Recent attempts to derail a government plan to ban provincial buses from EDSA are a good example of how some groups use the poor as a political tool to block progress.
To ease traffic along EDSA, the Metro Manila Development Authority has moved to keep some 3,000 provincial buses off the main thoroughfare by closing their terminals—more than 40 of them—along the main highway.
The advantages of such a ban seem self-evident. Provincial buses by their very classification should not be allowed to ply the same routes as some 12,000 city buses. These provincial buses take up valuable road space along the crowded highway and create choke points where they enter and exit their terminals.
Under the MMDA plan, provincial buses will have to unload their passengers in designated terminals in Valenzuela and Santa Rosa, Laguna, from which they can take other transportation into the city.
But the Ako Bicol Party-list group says such a plan is anti-poor and has asked the Supreme Court to stop its implementation.
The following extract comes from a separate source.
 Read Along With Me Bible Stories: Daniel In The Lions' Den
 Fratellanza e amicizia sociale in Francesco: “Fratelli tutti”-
In its petition, the party-list group argued that the MMDA and the Metro Manila Council have no authority to implement the ban because they are not authorized by the law to enact ordinances or approve resolutions, which are acts of police power.
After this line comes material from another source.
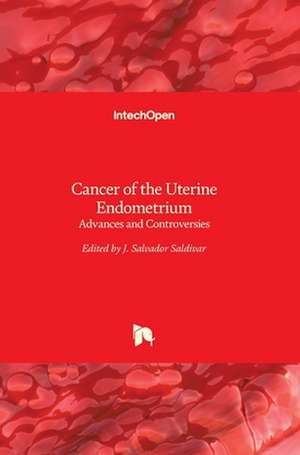 Cancer of the Uterine Endometrium de J. S. Saldivar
They also claimed the measure had no legal or scientific bases as it was crafted solely based on a “mere verbal directive” from the President during a Cabinet meeting in October 2018.
It also pointed out that only a small portion of the vehicles that ply EDSA on a daily basis are provincial buses: In 2017, more than 360,000 vehicles were private motor vehicles mostly occupied by single drivers, 12,000 were city buses while only 3,300 were provincial buses.
“It is not just that the few provincial buses used by the poor are being singled out,” one of the petitioners said, noting that travelers will be inconvenienced by the increased travel time and cost.
Other politicians have jumped on the bandwagon, labeling the plan anti-poor and urging the authorities to begin by instead limiting the more affluent owners of private vehicles, which account for about 62 percent of traffic on EDSA.
The numbers, however, tell only part of the story. Anybody who traverses EDSA on a regular basis will acknowledge that the private vehicles, regardless of how many passengers are on board, by and large do not cause traffic. Their tendency is to move forward toward their destination; they do not stop and jockey for position to take on or let off passengers. They do not block several lanes, as city and provincial buses do, when they wish to get ahead of their competitors.
Labeling any plan anti-poor is a convenient way to scuttle it. Sadly, this is true even when the plan is logical and more efficient, and will benefit us all in the long run.